Overlord unavailability causes entire cluster instability in druid v0.9.0 and causes data loss

Hi druid team,

we saw that the code here is receiving a connection reset by peer from the overlord while it’s trying to submit the task action:

When the overlord throws has a connectivity issues and closes the connection, “Connection reset by peer” is throws and I see the following in the log:

2018-11-20T14:00:00,461 WARN [task-runner-0-priority-0] io.druid.indexing.common.actions.RemoteTaskActionClient - Exception submitting action for task[index_realtime_vidmessage_2018-11-20T21:00:00.000Z_45_1]

java.io.IOException: Connection reset by peer

at sun.nio.ch.FileDispatcherImpl.read0(Native Method) ~[?:1.8.0_181]

at sun.nio.ch.SocketDispatcher.read(SocketDispatcher.java:39) ~[?:1.8.0_181]

at sun.nio.ch.IOUtil.readIntoNativeBuffer(IOUtil.java:223) ~[?:1.8.0_181]

at sun.nio.ch.IOUtil.read(IOUtil.java:192) ~[?:1.8.0_181]

at sun.nio.ch.SocketChannelImpl.read(SocketChannelImpl.java:380) ~[?:1.8.0_181]

at org.jboss.netty.channel.socket.nio.NioWorker.read(NioWorker.java:64) ~[druid-services-0.9.0-selfcontained.jar:0.9.0]

at org.jboss.netty.channel.socket.nio.AbstractNioWorker.process(AbstractNioWorker.java:108) ~[druid-services-0.9.0-selfcontained.jar:0.9.0]

at org.jboss.netty.channel.socket.nio.AbstractNioSelector.run(AbstractNioSelector.java:337) ~[druid-services-0.9.0-selfcontained.jar:0.9.0]

at org.jboss.netty.channel.socket.nio.AbstractNioWorker.run(AbstractNioWorker.java:89) ~[druid-services-0.9.0-selfcontained.jar:0.9.0]

at org.jboss.netty.channel.socket.nio.NioWorker.run(NioWorker.java:178) ~[druid-services-0.9.0-selfcontained.jar:0.9.0]

at org.jboss.netty.util.ThreadRenamingRunnable.run(ThreadRenamingRunnable.java:108) ~[druid-services-0.9.0-selfcontained.jar:0.9.0]

at org.jboss.netty.util.internal.DeadLockProofWorker$1.run(DeadLockProofWorker.java:42) ~[druid-services-0.9.0-selfcontained.jar:0.9.0]

at java.util.concurrent.ThreadPoolExecutor.runWorker(ThreadPoolExecutor.java:1149) [?:1.8.0_181]

at java.util.concurrent.ThreadPoolExecutor$Worker.run(ThreadPoolExecutor.java:624) [?:1.8.0_181]

at java.lang.Thread.run(Thread.java:748) [?:1.8.0_181]

2018-11-20T14:00:00,468 INFO [task-runner-0-priority-0] io.druid.indexing.common.actions.RemoteTaskActionClient - Will try again in [PT59.359S].

Is this a known issue to cause the entire cluster to go unstable?

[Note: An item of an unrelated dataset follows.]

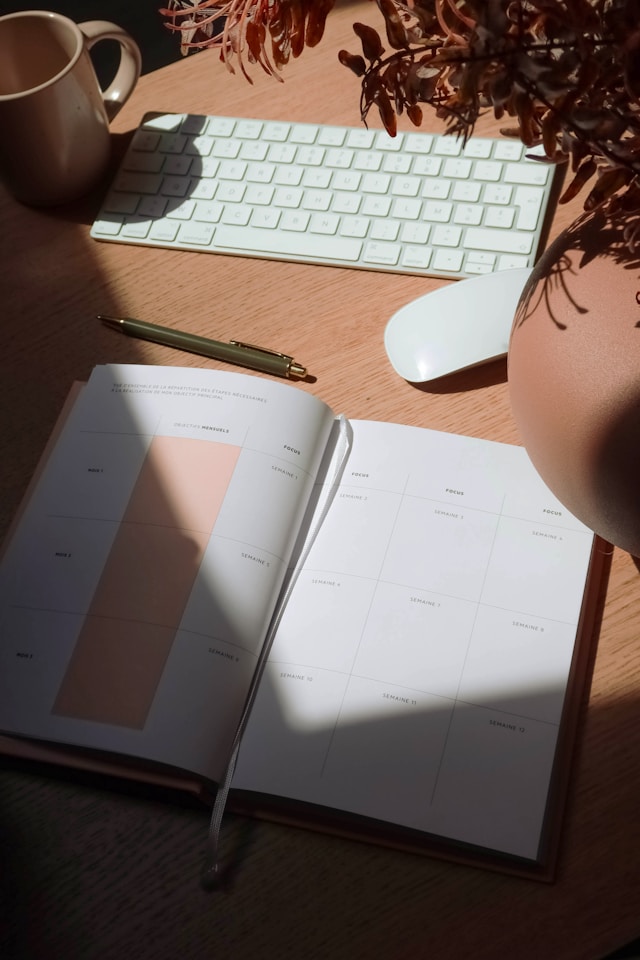 Carnet d'organisation de mariage, clavier et échantillons de papeterie sur un bureau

On the producer side where there is a kafka consumer that pushes data to druid, on all the nodes of the producer, we see this error:

627183:com.twitter.finagle.GlobalRequestTimeoutException: exceeded 1.minutes+30.seconds to disco!firehose:druid:overlord:vidmessage-021-0045-0001 while waiting for a response for the request, including retries (if applicable)

627402- at com.twitter.finagle.NoStacktrace(Unknown Source)

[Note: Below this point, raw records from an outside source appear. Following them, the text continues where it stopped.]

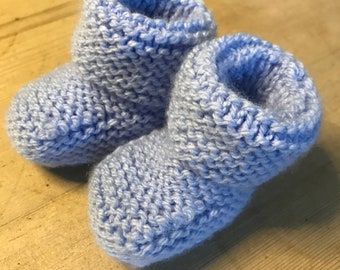 PDF  baby knitting pattern to knit baby booties shoes bootees in 3 sizes newborn, 0-3 months and 3-6 months, English only. #122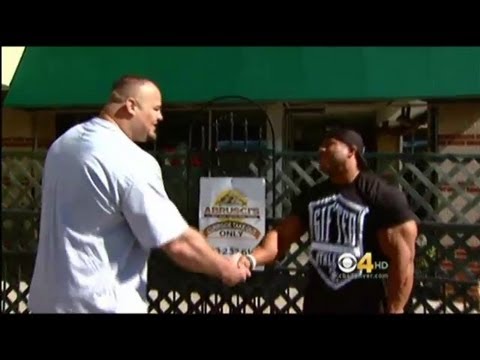 Meeting of Phil Heath and Brian Shaw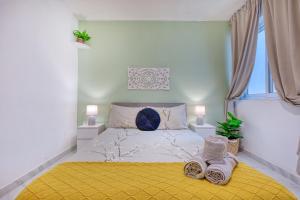 ein Schlafzimmer mit einem Bett mit Handtüchern darauf in der Unterkunft Bright spacious getaway close to the Sea in Gżira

This connection reset is only happening on one partition out of 248 partitions that we have setup and this causes all the 248 partitions (of different granularities) to lose the data partially. Partial data loss is really that 25% of the data will be ingested to druid and rest of it is dropped by druid. We have 2 instances of overlord. Doesn’t the index task of peon retry to connect to another overlord if one overlord fails?

Hey Mohan,

In general I would expect the peon / task to retry if there is a problem talking to the overlord. I wouldn’t expect the damage to be more severe than perhaps a brief hiccup in ingestion. I would expect ingestion to pause briefly while the retries are going on but then resume afterwards. If this happens often you could try setting druidBeam.firehoseRetryPeriod or druidBeam.indexRetryPeriod higher (see https://github.com/druid-io/tranquility/blob/master/docs/configuration.md).

Also, there’s a log message there: “RemoteTaskActionClient - Will try again in [PT59.359S].” Does the task try again after that minute? What happens then?

Btw, Druid 0.9.0 is about 2.5 years old - I don’t recall the specifics of what was improved in this area since then, but there have been lots of improvements in ingestion, and it’s possible that later versions handle things better here!

Another btw: if you are using Kafka, I’d encourage you to check out later versions of Druid + its Kafka indexing service, which have nicer operational properties. See here for some info on how it works: https://imply.io/post/exactly-once-streaming-ingestion

Hi Gian,

Thanks for the reply. I increased the retry period for both index and firehose that you had mentioned. It didn’t help. I modified the v0.9.0 druid code to deliberately throw an IOException to reproduce the issue. On the producer side, I increased the firehose and index retry period. On the overlord, I think it retries after this timeout to connect to the overlord and if the call fails again, the timeout in the next iteration is set to a exponential value (from 59s to 142s) and it just keeps waiting instead of retrying a different overlord (when we have multiple overlord instances). This instance going bad will affect all the other partitions as well from ingesting the data which is weird.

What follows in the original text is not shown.